[The data]
——

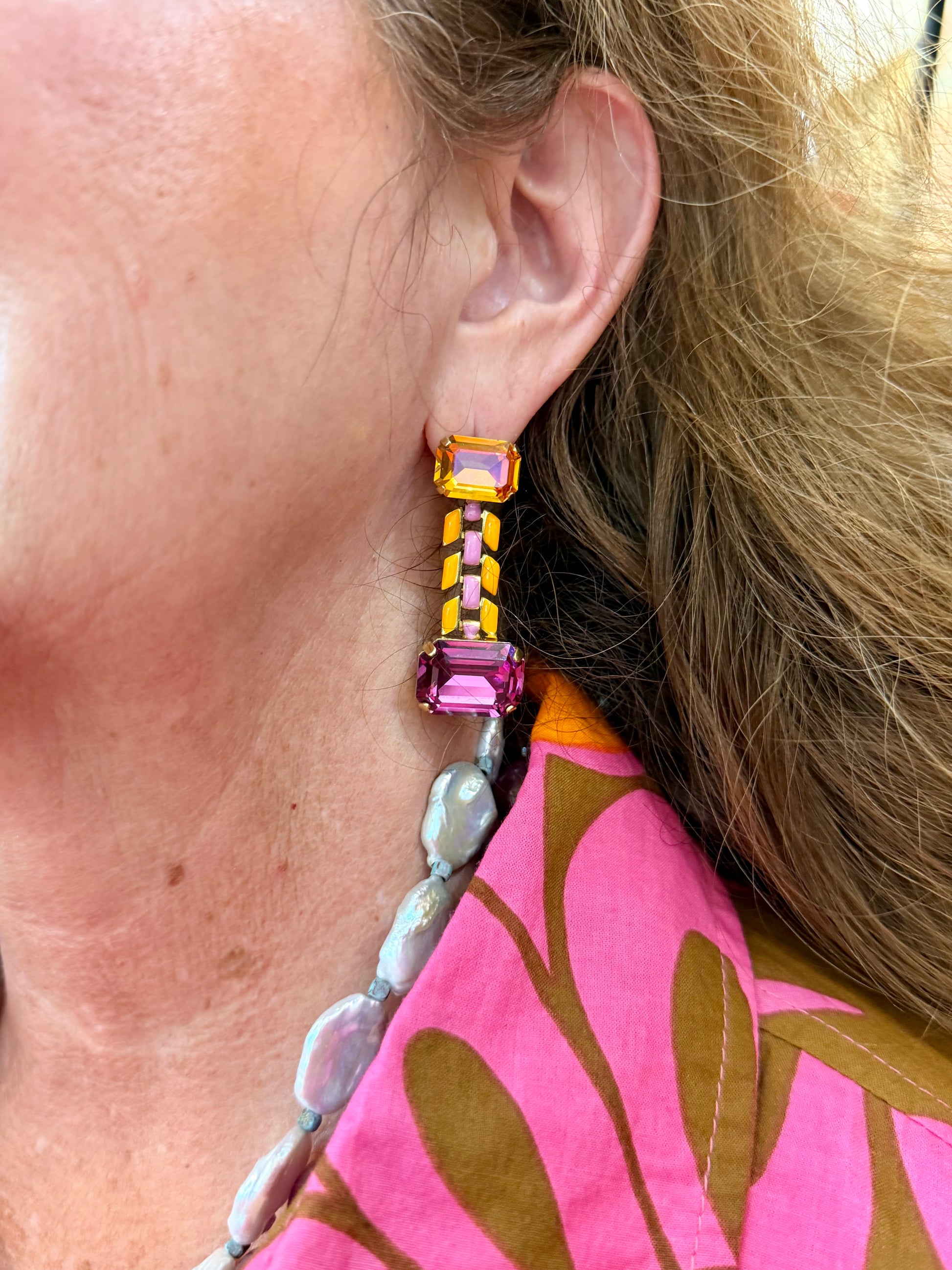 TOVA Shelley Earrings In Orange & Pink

——

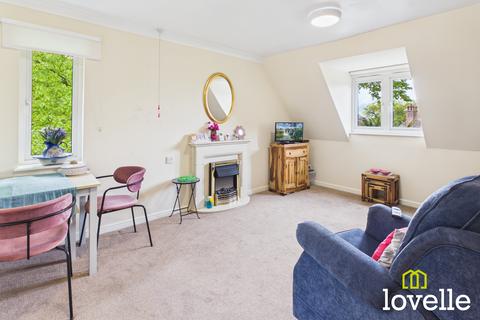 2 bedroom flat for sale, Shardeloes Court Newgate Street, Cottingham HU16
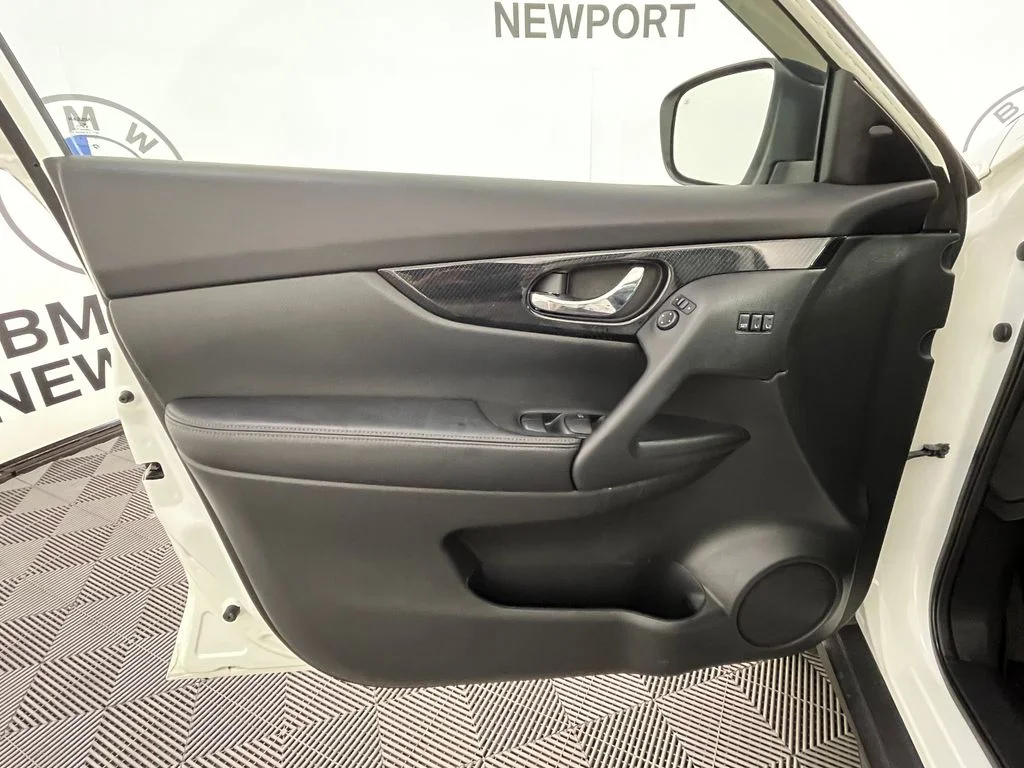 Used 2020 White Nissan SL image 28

——

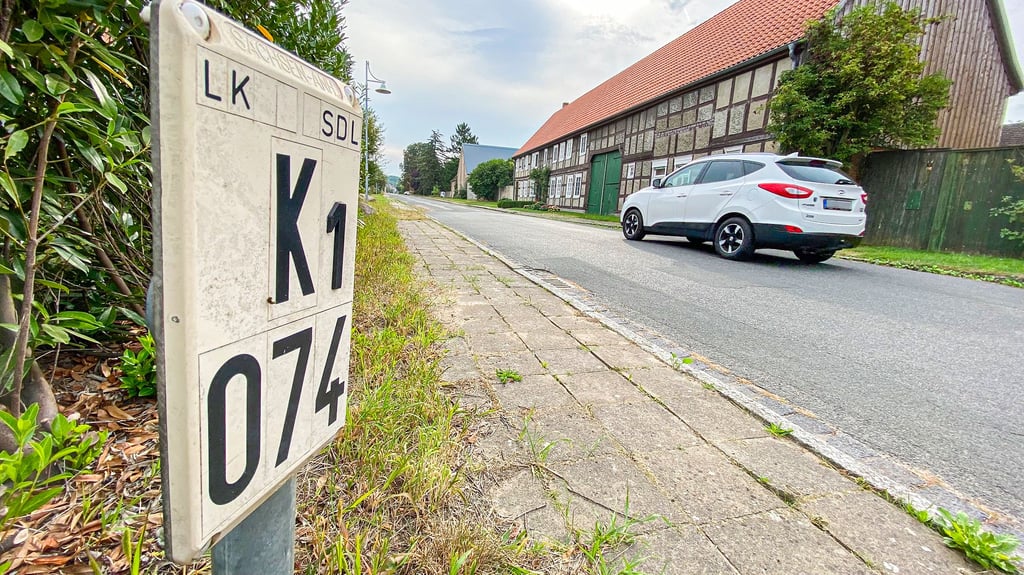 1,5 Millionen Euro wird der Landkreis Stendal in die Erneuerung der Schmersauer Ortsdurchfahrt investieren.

——

Copy only the lines above from the one containing "2 bedroom flat" through the one containing "Used 2020 White Nissan SL image 28", both included. Leave out the pictures.

 2 bedroom flat for sale, Shardeloes Court Newgate Street, Cottingham HU16
 Used 2020 White Nissan SL image 28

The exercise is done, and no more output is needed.